I see so many folks trying certain sewing techniques without the best foot for what they are doing. Your sewing is much better and more enjoyable when you have the right tool for the job. Or foot, in this case.
Here at Sew Simple we have a plethora of feet!
Not only do we have the spinning tower of Janome feet for nearly every technique you can think of, we also have a pretty good selection of feet for vintage machines. Plus, many feet can be used on other brands’ machines.
We’re pretty knowledgeable when it comes to matching up feet to machines, but there are a lot of machines out there; vintage, antique, brands with no nearby dealers….
What’s the first step to matching up a foot for one of these machines?
It’s determining the shank type.
If you’ve followed along at Amy’s blog, Amy’s Quilting Adventures, you know that she teaches two classes with Craftsy on quilting with rulers. This technique requires a special foot and with over 19,000 students enrolled in just the first class, she’s gotten pretty good at answering the shank type question.
You can read her whole post on determining shank type, though it’s primarily focused on ruler work (quilting with rulers in free motion). But here, we’ll distill it down so you have the knowledge you need to know when you come get feet for your machine at Sew Simple.
First, does your machine have a vertical bobbin and metal bobbin case or does it have a drop-in type bobbin? Next, we look at the actual presser foot bar (aka the shank).
First, remove the shank or foot from your machine. We’re going to measure from the center of the screw hole where the shank or foot attaches.
Some machines have feet that attach at this hole, while other machines have a snap-on shank and the feet are easily interchangeable. Removing whatever is attached at the screw hole makes it easier to see the measuring point.

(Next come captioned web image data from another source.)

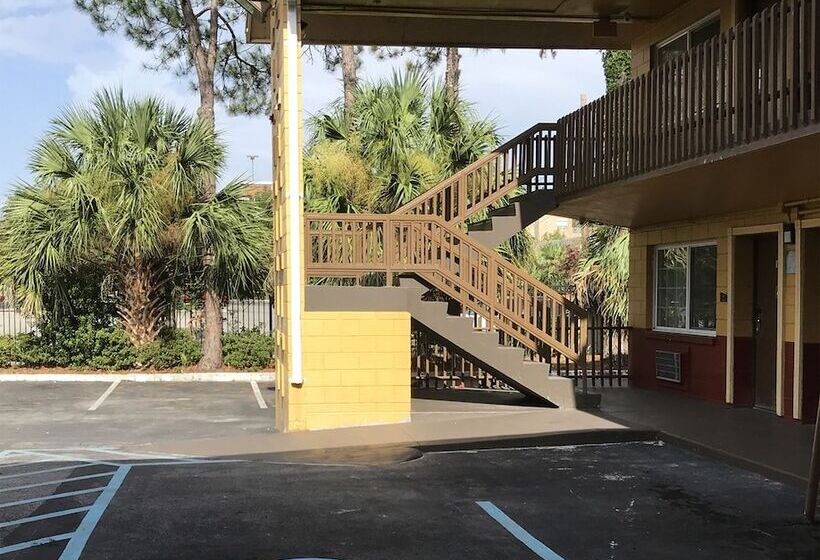 فندق Gainesville Lodge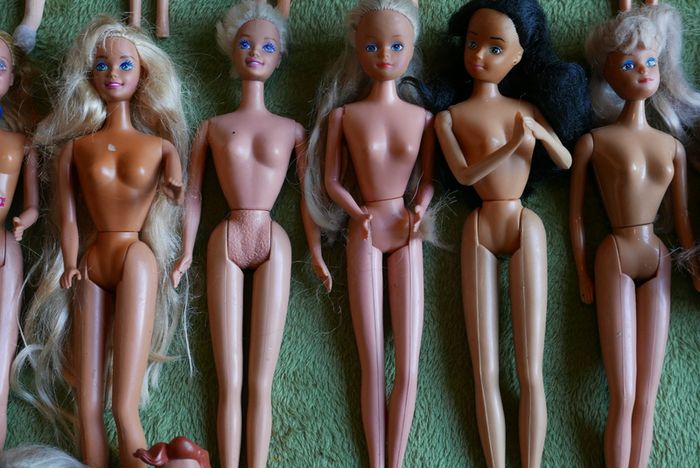 Vintage Barbie Collection, over 40 pieces (1966,1993,1994,1995,1999)
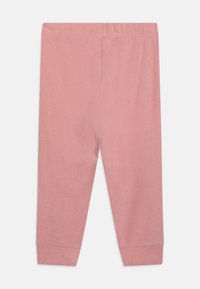 Unselected, dusty pink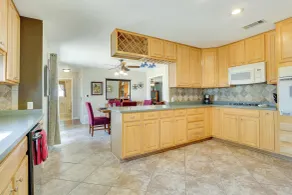 20 Mi to Austin: Texas Farmhouse on 10 Acres - Innenbereich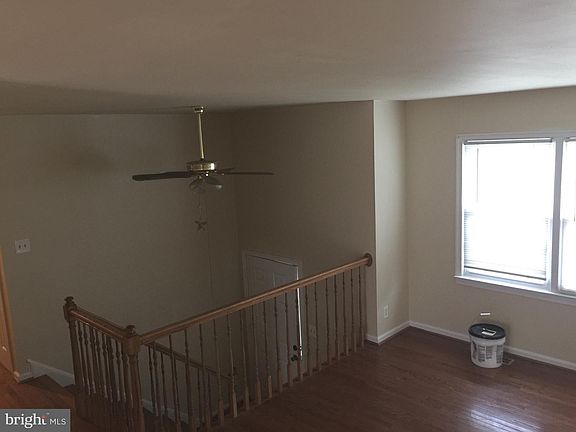 4th image of 11919 Stansbury Dr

Now lower the presser foot lever. We need the machine to be positioned like you’re ready to sew even though the foot isn’t attached.
Again, make sure the presser foot lever is down.
Now measure from the bed of the machine to the screw hole.
If the distance is 1/2 inch, you’ve got a low shank machine. (Low shank on left, high on the right)
If the distance is 1 inch, it’s a high shank machine.
Above is a standard low shank Janome machine on the left and my beloved Janome ruler foot combination on a high shank machine on the right.
Those are the easy machines. But there are some machines that don’t fit into these two main categories.
First there are some machines that are high shank machines, but the needle position is different than regular machines. These are the straight stitch only machines like the Janome 1600P and its clones: Brother 1500, Husqvarna Megga Quilter, Juki 2010, etc. These are considered a high special and use the same feet as the Janome 1600P. We’ve got feet for these machines.
There are some machines that fall somewhere in between high and low. These are usually Pfaffs, but not all Pfaffs are medium shanks. Before declaring your machine a medium shank, make sure the presser foot lever is in the down position. Pfaffs that use a special half-way position for free motion are considered medium shanks.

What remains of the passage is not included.